Exercise> Among the entries that follow, locate the line with "Kelly Tomkins and" and the line with "Wide backyard with". Output those lines and all lines in between, exactly, minus the pictures.

Scraped caption text data>
——————

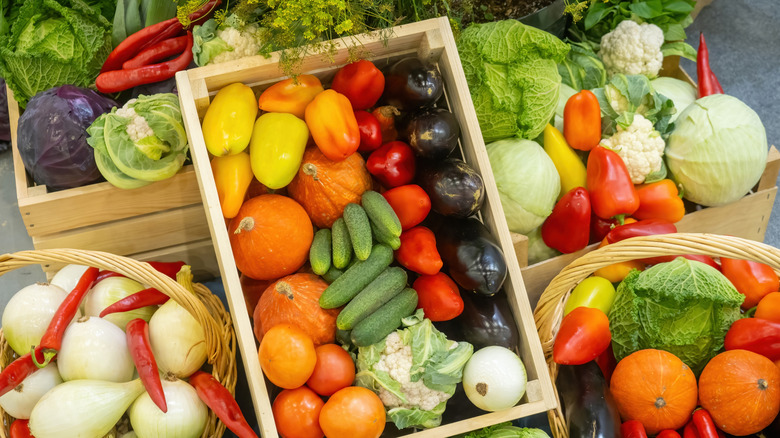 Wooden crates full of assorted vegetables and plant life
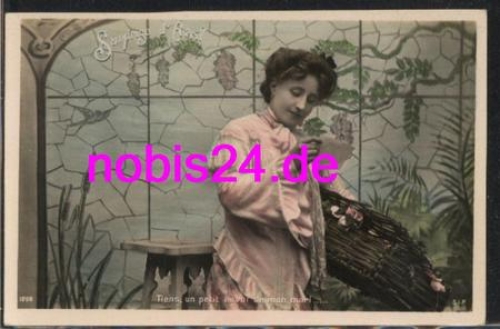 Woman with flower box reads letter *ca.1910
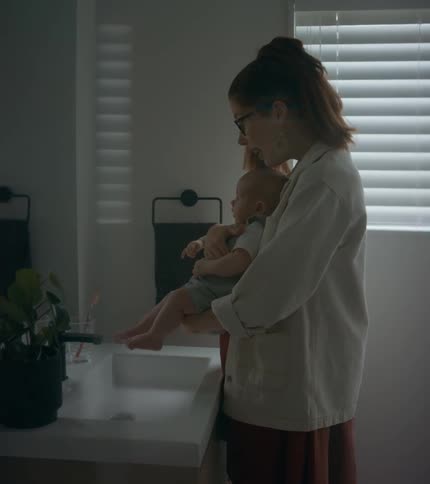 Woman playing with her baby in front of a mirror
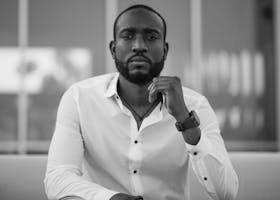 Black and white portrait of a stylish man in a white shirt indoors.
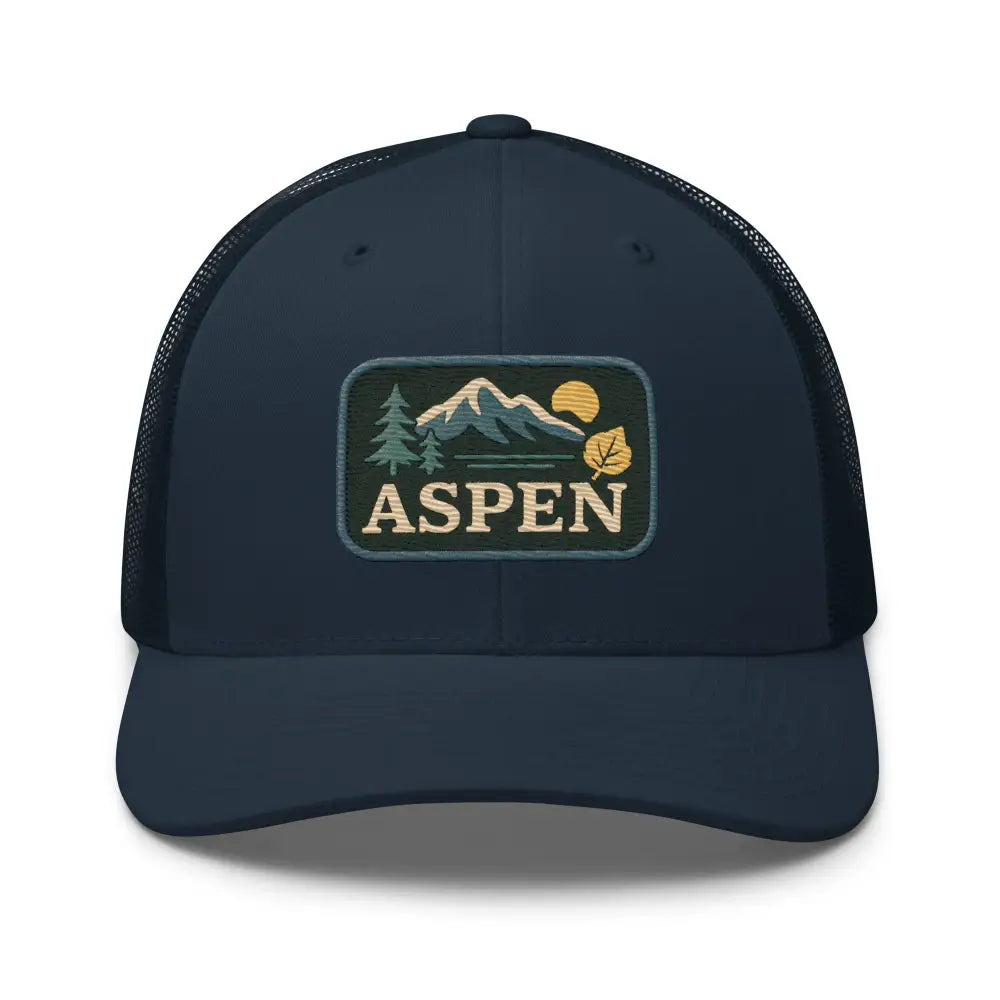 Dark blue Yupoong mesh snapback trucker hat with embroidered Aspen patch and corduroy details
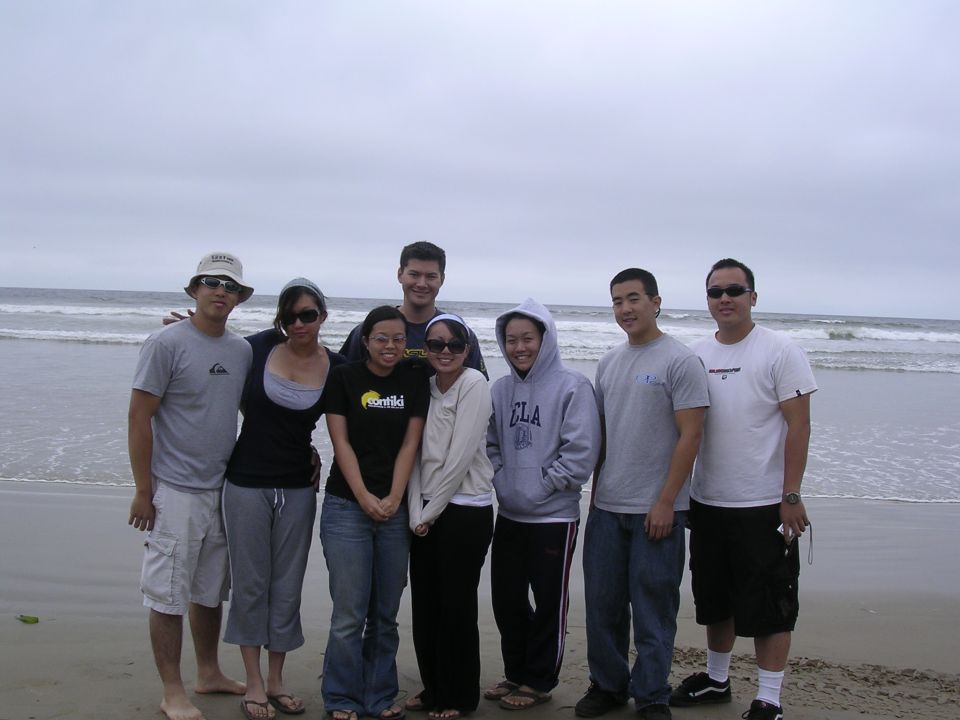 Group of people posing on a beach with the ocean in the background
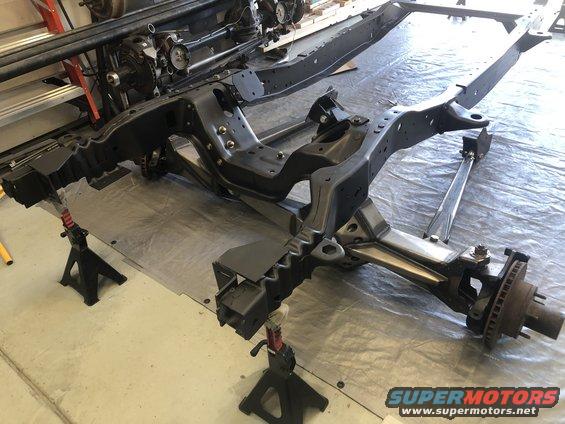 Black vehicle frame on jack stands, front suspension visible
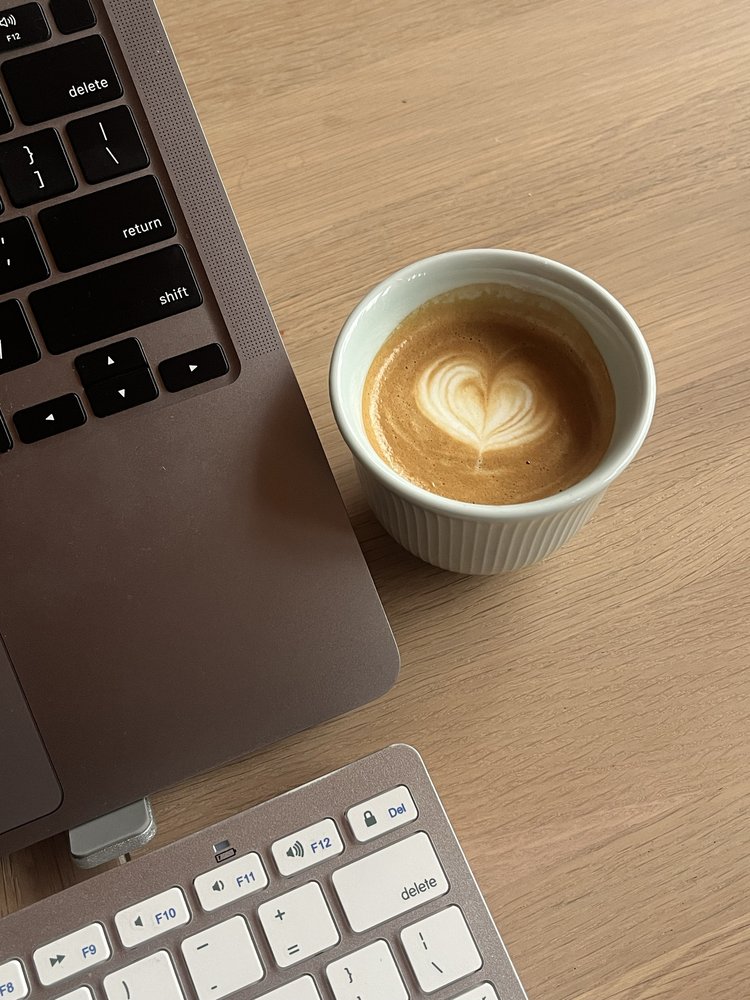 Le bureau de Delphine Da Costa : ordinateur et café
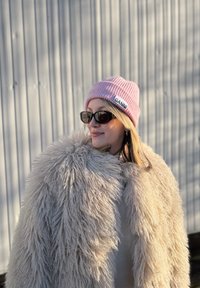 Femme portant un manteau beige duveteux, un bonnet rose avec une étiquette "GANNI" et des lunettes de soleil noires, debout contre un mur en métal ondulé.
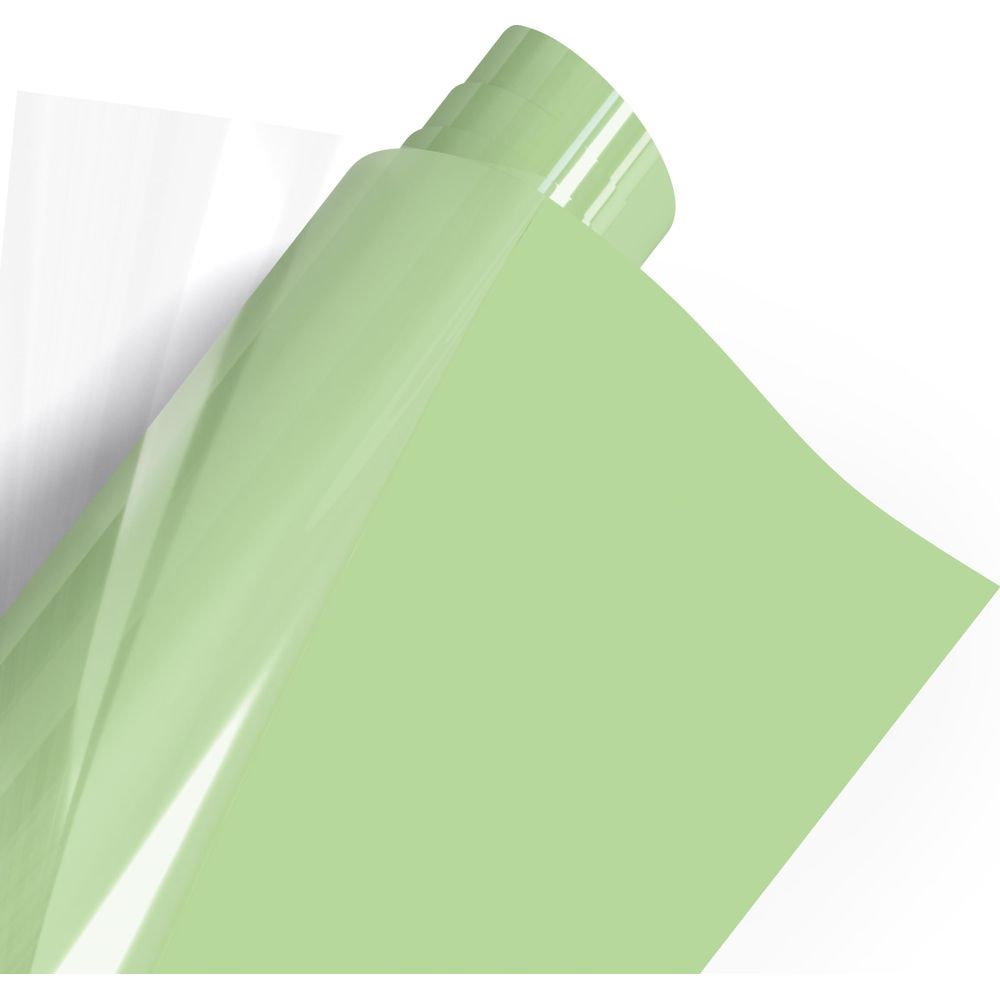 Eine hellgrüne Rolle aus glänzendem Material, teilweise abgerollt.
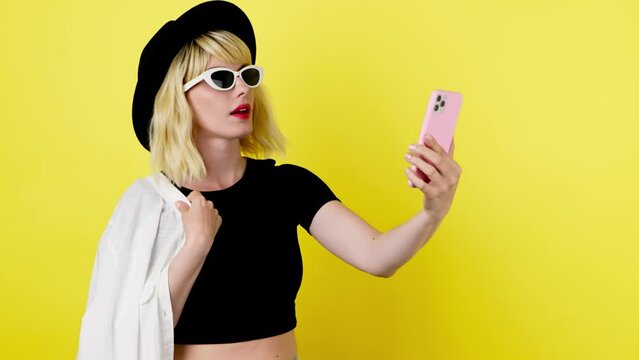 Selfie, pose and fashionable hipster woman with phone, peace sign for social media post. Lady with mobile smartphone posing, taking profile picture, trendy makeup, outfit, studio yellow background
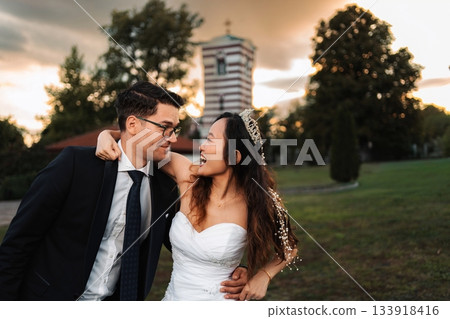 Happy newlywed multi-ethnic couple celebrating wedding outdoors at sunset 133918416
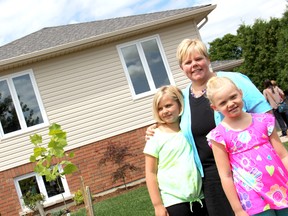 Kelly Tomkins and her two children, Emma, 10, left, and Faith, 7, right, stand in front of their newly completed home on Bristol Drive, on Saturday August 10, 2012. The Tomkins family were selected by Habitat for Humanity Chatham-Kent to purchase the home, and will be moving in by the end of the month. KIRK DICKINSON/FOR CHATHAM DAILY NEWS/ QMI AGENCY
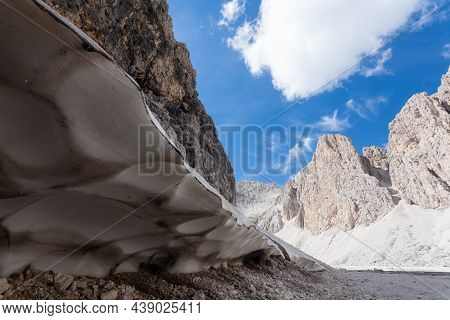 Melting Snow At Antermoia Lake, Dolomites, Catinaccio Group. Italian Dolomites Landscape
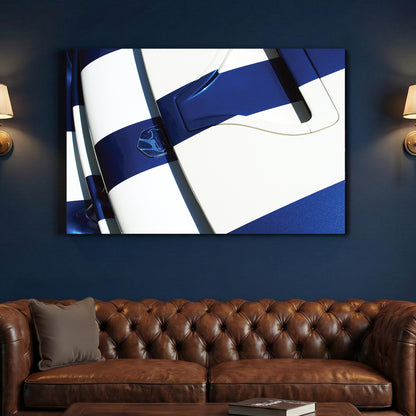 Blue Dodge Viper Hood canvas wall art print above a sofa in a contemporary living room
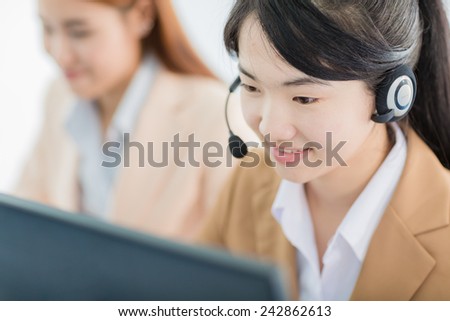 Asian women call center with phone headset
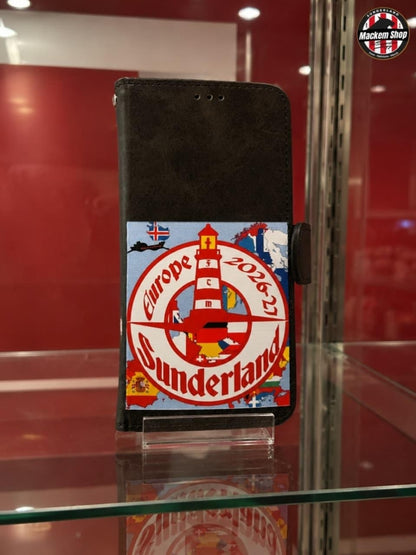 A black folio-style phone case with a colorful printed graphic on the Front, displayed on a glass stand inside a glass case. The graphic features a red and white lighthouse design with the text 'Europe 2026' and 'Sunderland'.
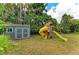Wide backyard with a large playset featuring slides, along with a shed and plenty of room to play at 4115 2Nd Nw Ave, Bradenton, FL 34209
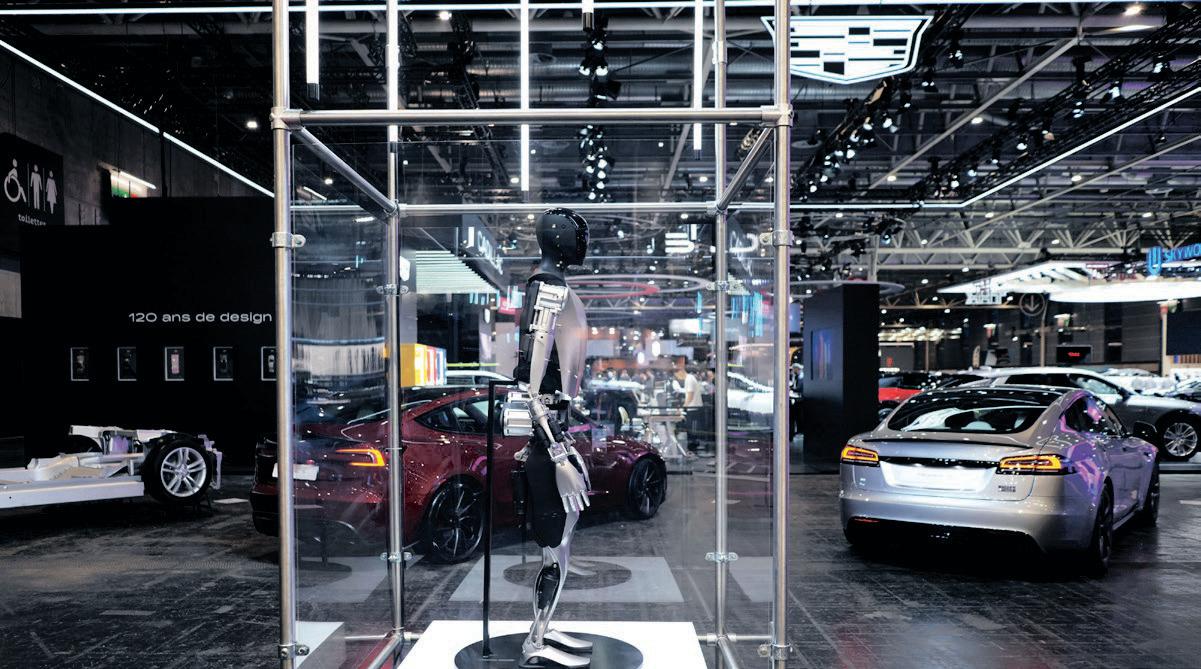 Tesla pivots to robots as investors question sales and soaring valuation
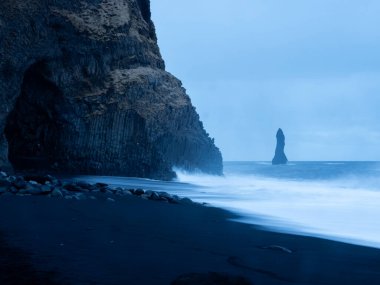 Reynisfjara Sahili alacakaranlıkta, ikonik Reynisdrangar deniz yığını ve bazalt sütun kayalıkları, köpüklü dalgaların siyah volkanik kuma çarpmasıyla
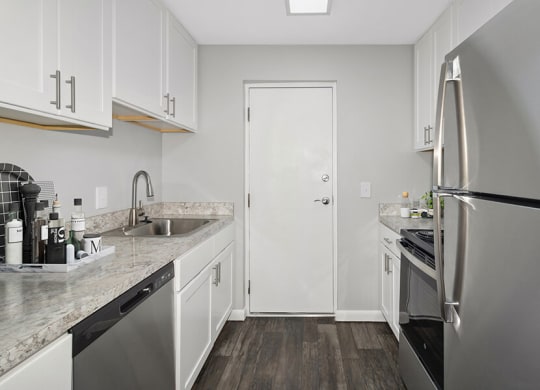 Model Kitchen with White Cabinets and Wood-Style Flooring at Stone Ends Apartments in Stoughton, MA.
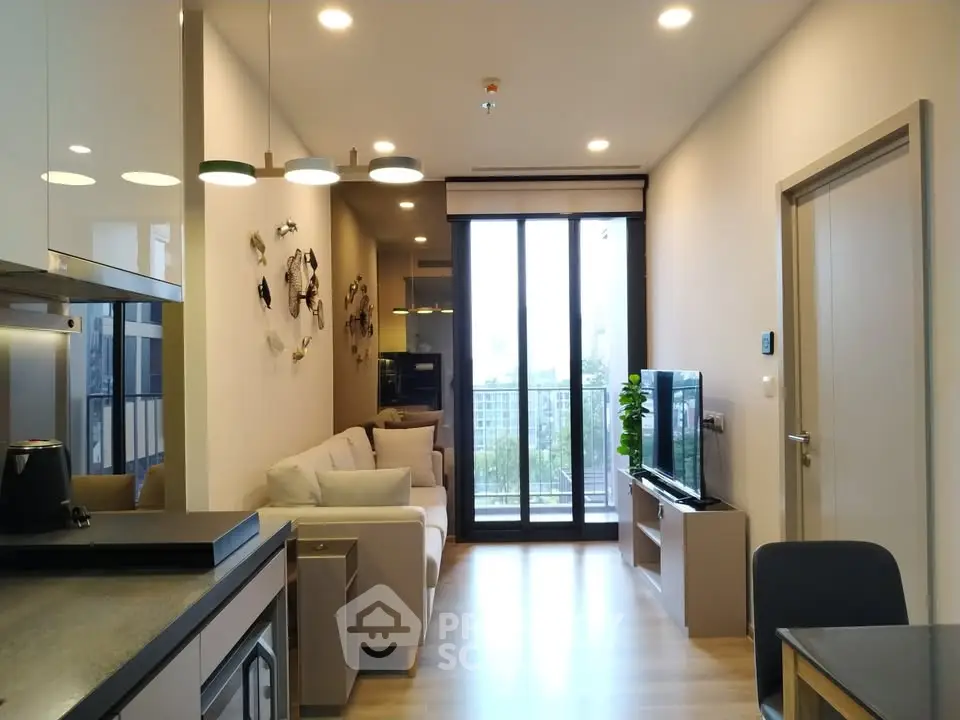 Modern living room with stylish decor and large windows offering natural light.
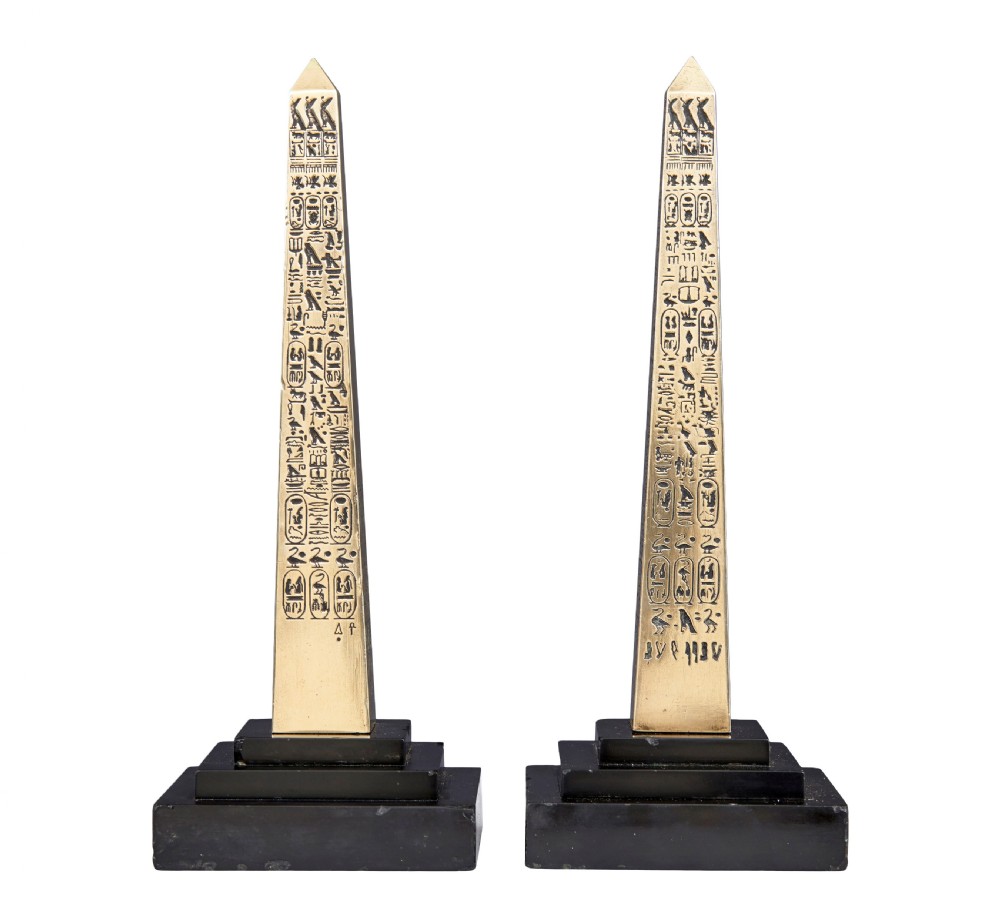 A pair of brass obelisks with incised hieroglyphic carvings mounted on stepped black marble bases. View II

——————

Solution for this task>
 Kelly Tomkins and her two children, Emma, 10, left, and Faith, 7, right, stand in front of their newly completed home on Bristol Drive, on Saturday August 10, 2012. The Tomkins family were selected by Habitat for Humanity Chatham-Kent to purchase the home, and will be moving in by the end of the month. KIRK DICKINSON/FOR CHATHAM DAILY NEWS/ QMI AGENCY
 Melting Snow At Antermoia Lake, Dolomites, Catinaccio Group. Italian Dolomites Landscape
 Blue Dodge Viper Hood canvas wall art print above a sofa in a contemporary living room
 Asian women call center with phone headset
 A black folio-style phone case with a colorful printed graphic on the Front, displayed on a glass stand inside a glass case. The graphic features a red and white lighthouse design with the text 'Europe 2026' and 'Sunderland'.
Wide backyard with a large playset featuring slides, along with a shed and plenty of room to play at 4115 2Nd Nw Ave, Bradenton, FL 34209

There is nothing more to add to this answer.